Geology of Diamond ore:
Diamonds ore are extremely rare, with concentrations of at most parts per billion in source rock. most diamonds were found in alluvial deposits. Loose diamonds are also found along existing and ancient shorelines, where they tend to accumulate because of their size and density.
Rarely, they have been found in glacial till (notably in Wisconsin and Indiana), but these deposits are not of commercial quality. These types of deposit were derived from localized igneous intrusions through weathering and transport by wind or water.
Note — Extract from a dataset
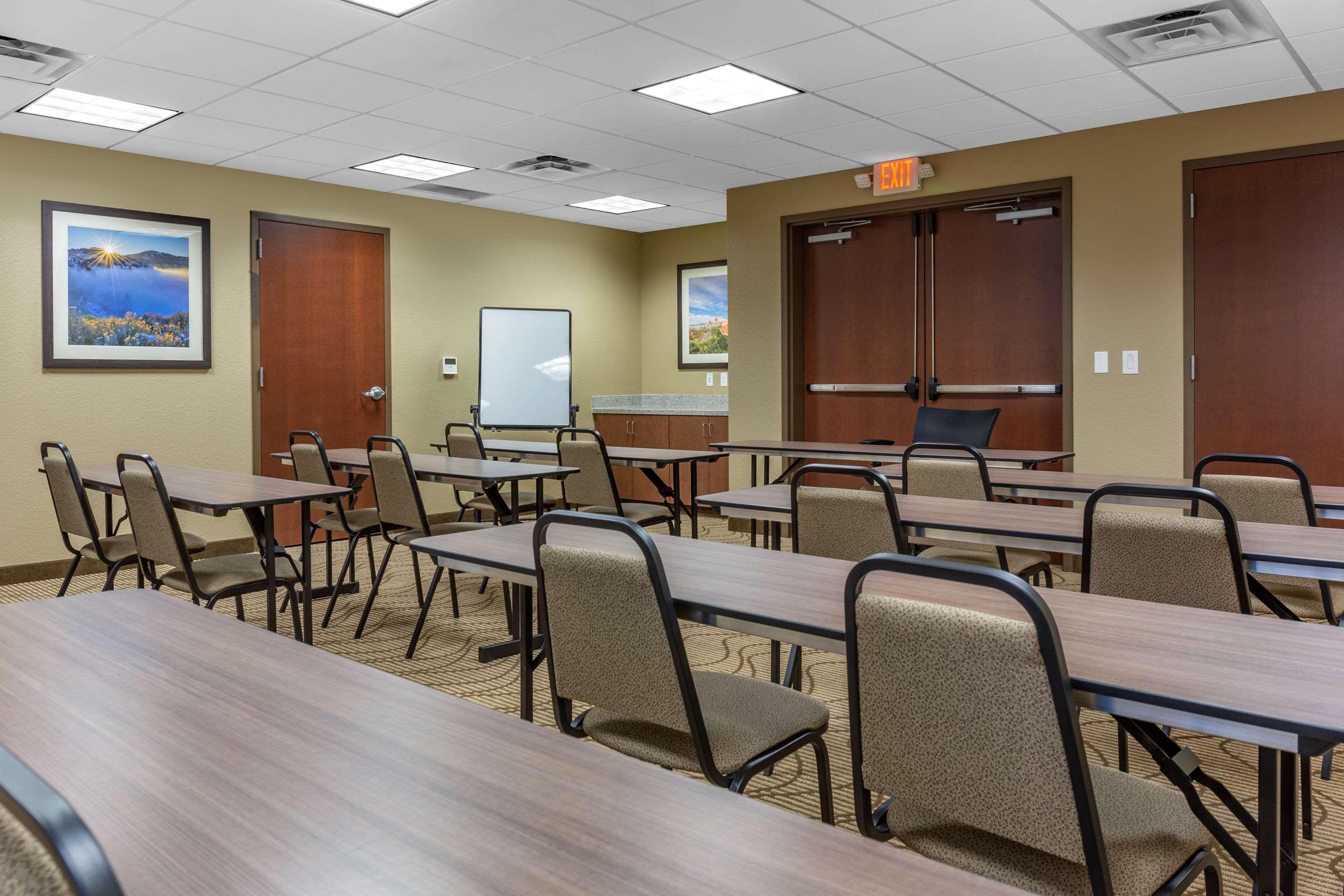 Comfort Inn & Suites Boise Airport Eksteriør billede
Most diamonds come from the Earth’s mantle, and most of this section discusses those diamonds. However, there are other sources. Some blocks of the crust, or terranes, have been buried deep enough as the crust thickened so they experienced ultra-high-pressure metamorphism. These have evenly distributed microdiamonds that show no sign of transport by magma.
A common misconception is that diamonds are formed from highly compressed coal. most diamonds that have been dated are far older than the first land plants. It is possible that diamonds can form from coal in subduction zones, but diamonds formed in this way are rare, and the carbon source is more likely carbonate rocks and organic carbon in sediments, rather than coal
The world’s Top 10 Biggest Diamond mines :
The 10 largest diamond mines in the world by measurable reserves contain more than one billion carats of recoverable diamonds. Russia is almost half of the world’s biggest diamond mines, while Botswana has two mines; including the world’s largest diamond producing mine Orapa. Details as below:
- Jubilee, also known as the Yubileyny diamond mine, located in Sakha (Yakutia), Republic of Russia, is the biggest diamond mine in the world.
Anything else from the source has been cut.